旋转滑动摩擦高频噪声产生机理的实验研究

摘要/Abstract

摘要： 为了深入研究金属旋转滑动摩擦高频噪声的产生机理，以多功能摩擦磨损试验机为平台，采用单因素实验法来研究相对滑动速度、接触压力、表面形貌等影响因素对摩擦高频噪声的影响规律。实验发现：金属旋转滑动高频摩擦噪声多发生在相对滑动速度低、接触压力较大以及摩擦因数-速度负斜率处；摩擦副间相对滑动速度、接触压力和表面粗糙度的变化几乎不会对高频噪声的频率产生影响，但高频噪声声压级随表面粗糙度的增大呈现明显减小趋势。对摩擦噪声声压信号和法向、切向振动加速度信号进行互相关分析，结果表明，法向振动加速度信号和摩擦噪声声压信号之间具有更高的相关性，从而为进一步理解摩擦高频噪声的产生机理和预测模型的建立提供了参考。

关键词: 高频摩擦噪声, 摩擦因数, 表面形貌, 自激振动

Abstract: For further studies of the formation mechanism of friction-induced squeal from a rotating-sliding friction system, a multifunctional friction testing machine was utilized to investigate the effects of sliding speeds, contact pressures and surface topographies on the squeal, by applying the single-factor experimental method.
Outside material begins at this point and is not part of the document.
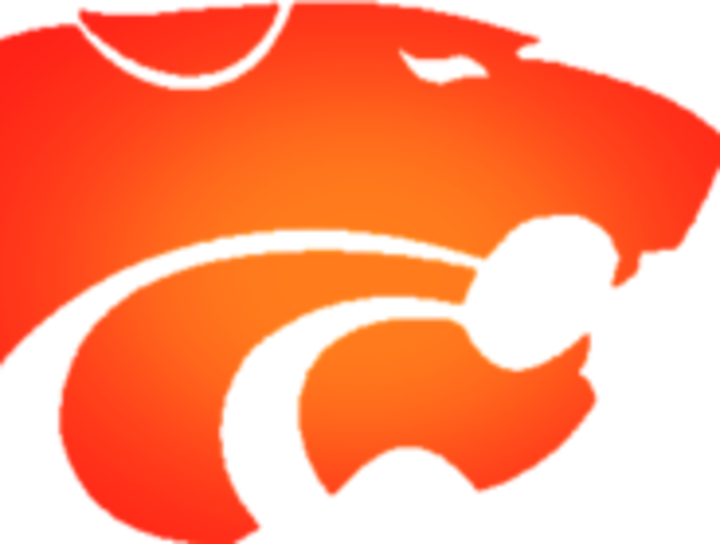 Palmyra High School Logo (720x544)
The experiments find that the friction-induced squeal occursed mostly at the conditions of a relatively low sliding speed, a large contact pressure and a negative coefficient- velocity slope. The relative sliding velocity, contact pressure and surface roughness might not affect the frequency of squeal, but the squeal intensity shows a significant downward trend with the increases of surface roughness. The cross-correlation analysis demonstrates a better correlation between the normal vibration acceleration signals and the squeal signals, which provides a reference for the further understanding of the formation mechanism and prediction model of friction-induced squeal.

Key words: friction-induced squeal, frictional coefficient, surface topography, self-motivated vibration

中图分类号:

TH117.3

麦云飞1;刘志亮1;王书文1;董冰洋2. 旋转滑动摩擦高频噪声产生机理的实验研究[J]. 中国机械工程.

MAI Yunfei1;LIU Zhiliang1;WANG Shuwen1;DONG Bingyang2. Experimental Investigation into Friction-induced Squeal of Rotating-sliding Friction[J]. China Mechanical Engineering.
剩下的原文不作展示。